3- Conversation exploratoire

Cette dernière expression, je viens de l’inventer afin de présenter une autre forme de conversation. Cette conversation se veut non directive et tout orientée sur la découverte et la prise de conscience. C’est celle mise de l’avant lorsque l’on souhaite que le mentoré s’exprime 70% du temps lors d’une rencontre. Pour relever ce défi de la libre expression, le mentor doit être très à l’écoute, ne rien perdre de ce que le mentoré dit et poser de multiples questions. La cible principale est de permettre au mentoré de s’exprimer comme personne et comme entrepreneur, de découvrir autant qui il est que ce qu’il veut réaliser. Le mentor demeure constamment à l’affût des angles morts que le mentoré ne voit pas et des zones d’ombre à mettre en lumière. Bref, le mentor questionne beaucoup plus qu’il n’affirme. Il favorise l’exploration comme un bon intervieweur T V ou radio qui met en valeur son invité. Le mentoré devient le centre de toute l’attention, c’est l’acteur principal.

Conclusion

Il va sans dire que la « conversation directive « n’a pas sa place dans le développement d’une relation mentorale. Les entrepreneurs disent souvent qu’ils veulent être leur propre patron. Le mentorat de boss à employé n’a assurément pas de grandes chances de réussite auprès des entrepreneurs mentorés. La « conversation collaborative « ne conduit pas nécessairement à l’échec. Elle offre des qualités certaines : ouverture, accueil, réciprocité, respect. Ses chances de succès sont meilleures lorsque le mentor et le mentoré se retrouvent sur des terrains communs comme une expertise partagée, des expériences communes ou des centres d’intérêt similaires. Basée sur un dialogue amical, cette « conversation collaborative « comporte tout de même d’importants pièges. Le mentor s’implique dans le jeu de la conversation et peut facilement se faire prendre au jeu devenant ainsi beaucoup moins à l’écoute du mentoré. Son esprit cherche toujours à ajouter des éléments pertinents pour enrichir la conversation. Il est dans l’action et risque d’avoir le nez dans la vitrine ou dit autrement le cerveau accaparé par la volonté de contribuer aux solutions en construction. Le mentor qui utilise ce type de conversation risque de manquer de distance et de recul pour débusquer les angles morts et les zones d’ombre.

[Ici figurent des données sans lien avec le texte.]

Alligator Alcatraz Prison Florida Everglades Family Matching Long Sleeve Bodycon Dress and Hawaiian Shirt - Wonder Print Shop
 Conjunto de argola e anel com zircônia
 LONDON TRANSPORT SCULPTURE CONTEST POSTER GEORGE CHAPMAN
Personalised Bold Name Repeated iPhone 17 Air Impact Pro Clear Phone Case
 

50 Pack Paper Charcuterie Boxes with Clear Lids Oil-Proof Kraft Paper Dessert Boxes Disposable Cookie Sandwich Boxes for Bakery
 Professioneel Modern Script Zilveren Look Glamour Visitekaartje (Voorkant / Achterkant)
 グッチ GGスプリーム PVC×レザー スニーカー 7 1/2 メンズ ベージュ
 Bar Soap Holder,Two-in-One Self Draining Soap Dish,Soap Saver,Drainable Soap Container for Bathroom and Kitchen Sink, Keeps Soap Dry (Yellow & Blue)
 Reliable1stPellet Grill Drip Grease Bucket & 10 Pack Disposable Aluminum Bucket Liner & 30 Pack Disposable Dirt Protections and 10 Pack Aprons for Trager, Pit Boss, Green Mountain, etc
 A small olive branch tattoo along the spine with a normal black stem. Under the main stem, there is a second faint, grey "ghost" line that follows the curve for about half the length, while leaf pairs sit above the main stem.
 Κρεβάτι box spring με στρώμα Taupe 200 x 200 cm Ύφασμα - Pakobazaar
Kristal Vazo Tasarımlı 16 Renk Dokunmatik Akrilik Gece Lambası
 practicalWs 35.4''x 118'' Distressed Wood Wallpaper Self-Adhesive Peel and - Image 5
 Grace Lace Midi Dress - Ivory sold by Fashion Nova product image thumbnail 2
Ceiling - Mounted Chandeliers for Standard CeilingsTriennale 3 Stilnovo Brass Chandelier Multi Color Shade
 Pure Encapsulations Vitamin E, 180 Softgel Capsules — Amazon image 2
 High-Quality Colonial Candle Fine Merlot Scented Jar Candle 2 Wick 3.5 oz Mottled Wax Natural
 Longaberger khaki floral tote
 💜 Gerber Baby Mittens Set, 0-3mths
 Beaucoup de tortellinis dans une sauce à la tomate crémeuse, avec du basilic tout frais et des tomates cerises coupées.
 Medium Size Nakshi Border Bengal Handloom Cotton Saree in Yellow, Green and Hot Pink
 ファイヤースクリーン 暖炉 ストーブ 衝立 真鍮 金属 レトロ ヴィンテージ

Il risque même de parler plus longtemps que son mentoré.

Pour améliorer sa posture mentorale et donner plus d’espace de réflexion et de prise de conscience au mentoré, le mentor a avantage à se familiariser avec le dernier type de conversation: la « conversation interrogative «. Elle consiste essentiellement à faire parler le plus possible le mentoré. Familiarisé avec plusieurs types de questions, le mentor interroge le mentoré par des questions ouvertes qui permettent au mentoré d’explorer des territoires inconnus de son entreprise et surtout de lui-même. Un proverbe dit que le plus important n’est pas de donner un poisson à celui qui a faim, mais de lui apprendre à pêcher. En entrepreneuriat, nous pourrions dire que le plus important n’est pas de donner une solution, mais d’apprendre à en trouver une. Plus le mentor s’astreint à questionner son mentoré, plus il favorise des découvertes personnelles et des prises de conscience. Comme il n’y a pas d’âge pour apprendre, nous avons tous et toutes comme mentors la possibilité de nous mettre à l’apprentissage de la conversation interrogative celle qui favorise la réflexion, la curiosité et la découverte.